MATERIAL SUPPLIED:
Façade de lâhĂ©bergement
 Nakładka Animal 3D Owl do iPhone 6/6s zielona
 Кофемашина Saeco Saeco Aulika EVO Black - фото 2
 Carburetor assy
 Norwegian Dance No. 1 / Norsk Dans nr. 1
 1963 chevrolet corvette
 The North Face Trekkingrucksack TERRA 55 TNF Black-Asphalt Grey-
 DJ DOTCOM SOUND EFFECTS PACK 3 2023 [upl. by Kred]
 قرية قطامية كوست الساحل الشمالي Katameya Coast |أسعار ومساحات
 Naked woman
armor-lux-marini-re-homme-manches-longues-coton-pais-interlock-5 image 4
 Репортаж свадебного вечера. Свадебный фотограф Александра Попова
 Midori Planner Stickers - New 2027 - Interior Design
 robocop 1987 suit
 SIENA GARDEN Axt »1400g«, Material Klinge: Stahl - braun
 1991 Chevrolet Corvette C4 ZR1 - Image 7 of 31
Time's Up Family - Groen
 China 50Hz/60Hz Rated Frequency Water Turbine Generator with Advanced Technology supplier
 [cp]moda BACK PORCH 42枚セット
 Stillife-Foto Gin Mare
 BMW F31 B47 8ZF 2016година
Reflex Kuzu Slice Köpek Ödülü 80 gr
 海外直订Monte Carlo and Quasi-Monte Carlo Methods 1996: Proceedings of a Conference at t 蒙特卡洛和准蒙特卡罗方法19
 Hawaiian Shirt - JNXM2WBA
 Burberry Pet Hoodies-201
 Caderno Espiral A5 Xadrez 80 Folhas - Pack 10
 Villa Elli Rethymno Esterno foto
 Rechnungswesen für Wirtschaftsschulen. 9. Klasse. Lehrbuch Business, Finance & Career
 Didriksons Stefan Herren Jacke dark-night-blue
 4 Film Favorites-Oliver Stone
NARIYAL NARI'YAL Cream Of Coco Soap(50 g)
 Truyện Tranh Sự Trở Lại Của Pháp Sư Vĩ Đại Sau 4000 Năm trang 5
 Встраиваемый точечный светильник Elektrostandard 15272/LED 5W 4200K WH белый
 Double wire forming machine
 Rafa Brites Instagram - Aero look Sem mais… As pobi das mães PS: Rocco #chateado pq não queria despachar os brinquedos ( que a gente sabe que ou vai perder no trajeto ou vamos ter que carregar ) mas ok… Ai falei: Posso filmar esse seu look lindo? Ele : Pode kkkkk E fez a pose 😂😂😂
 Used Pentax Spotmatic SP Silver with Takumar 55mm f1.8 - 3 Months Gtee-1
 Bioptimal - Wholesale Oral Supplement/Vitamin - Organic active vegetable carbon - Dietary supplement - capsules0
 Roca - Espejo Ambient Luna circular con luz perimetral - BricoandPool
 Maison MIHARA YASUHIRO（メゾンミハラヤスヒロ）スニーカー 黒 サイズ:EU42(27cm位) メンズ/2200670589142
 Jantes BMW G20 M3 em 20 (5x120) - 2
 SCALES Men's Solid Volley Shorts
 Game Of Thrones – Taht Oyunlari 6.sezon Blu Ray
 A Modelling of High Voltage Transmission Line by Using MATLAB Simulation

WORK INSTRUCTIONS: Every entry should be duplicated exactly as written.

SOLUTION TO THE PROBLEM:
Façade de lâhĂ©bergement
 Nakładka Animal 3D Owl do iPhone 6/6s zielona
 Кофемашина Saeco Saeco Aulika EVO Black - фото 2
 Carburetor assy
 Norwegian Dance No. 1 / Norsk Dans nr. 1
 1963 chevrolet corvette
 The North Face Trekkingrucksack TERRA 55 TNF Black-Asphalt Grey-
 DJ DOTCOM SOUND EFFECTS PACK 3 2023 [upl. by Kred]
 قرية قطامية كوست الساحل الشمالي Katameya Coast |أسعار ومساحات
 Naked woman
armor-lux-marini-re-homme-manches-longues-coton-pais-interlock-5 image 4
 Репортаж свадебного вечера. Свадебный фотограф Александра Попова
 Midori Planner Stickers - New 2027 - Interior Design
 robocop 1987 suit
 SIENA GARDEN Axt »1400g«, Material Klinge: Stahl - braun
 1991 Chevrolet Corvette C4 ZR1 - Image 7 of 31
Time's Up Family - Groen
 China 50Hz/60Hz Rated Frequency Water Turbine Generator with Advanced Technology supplier
 [cp]moda BACK PORCH 42枚セット
 Stillife-Foto Gin Mare
 BMW F31 B47 8ZF 2016година
Reflex Kuzu Slice Köpek Ödülü 80 gr
 海外直订Monte Carlo and Quasi-Monte Carlo Methods 1996: Proceedings of a Conference at t 蒙特卡洛和准蒙特卡罗方法19
 Hawaiian Shirt - JNXM2WBA
 Burberry Pet Hoodies-201
 Caderno Espiral A5 Xadrez 80 Folhas - Pack 10
 Villa Elli Rethymno Esterno foto
 Rechnungswesen für Wirtschaftsschulen. 9. Klasse. Lehrbuch Business, Finance & Career
 Didriksons Stefan Herren Jacke dark-night-blue
 4 Film Favorites-Oliver Stone
NARIYAL NARI'YAL Cream Of Coco Soap(50 g)
 Truyện Tranh Sự Trở Lại Của Pháp Sư Vĩ Đại Sau 4000 Năm trang 5
 Встраиваемый точечный светильник Elektrostandard 15272/LED 5W 4200K WH белый
 Double wire forming machine
 Rafa Brites Instagram - Aero look Sem mais… As pobi das mães PS: Rocco #chateado pq não queria despachar os brinquedos ( que a gente sabe que ou vai perder no trajeto ou vamos ter que carregar ) mas ok… Ai falei: Posso filmar esse seu look lindo? Ele : Pode kkkkk E fez a pose 😂😂😂
 Used Pentax Spotmatic SP Silver with Takumar 55mm f1.8 - 3 Months Gtee-1
 Bioptimal - Wholesale Oral Supplement/Vitamin - Organic active vegetable carbon - Dietary supplement - capsules0
 Roca - Espejo Ambient Luna circular con luz perimetral - BricoandPool
 Maison MIHARA YASUHIRO（メゾンミハラヤスヒロ）スニーカー 黒 サイズ:EU42(27cm位) メンズ/2200670589142
 Jantes BMW G20 M3 em 20 (5x120) - 2
 SCALES Men's Solid Volley Shorts
 Game Of Thrones – Taht Oyunlari 6.sezon Blu Ray
 A Modelling of High Voltage Transmission Line by Using MATLAB Simulation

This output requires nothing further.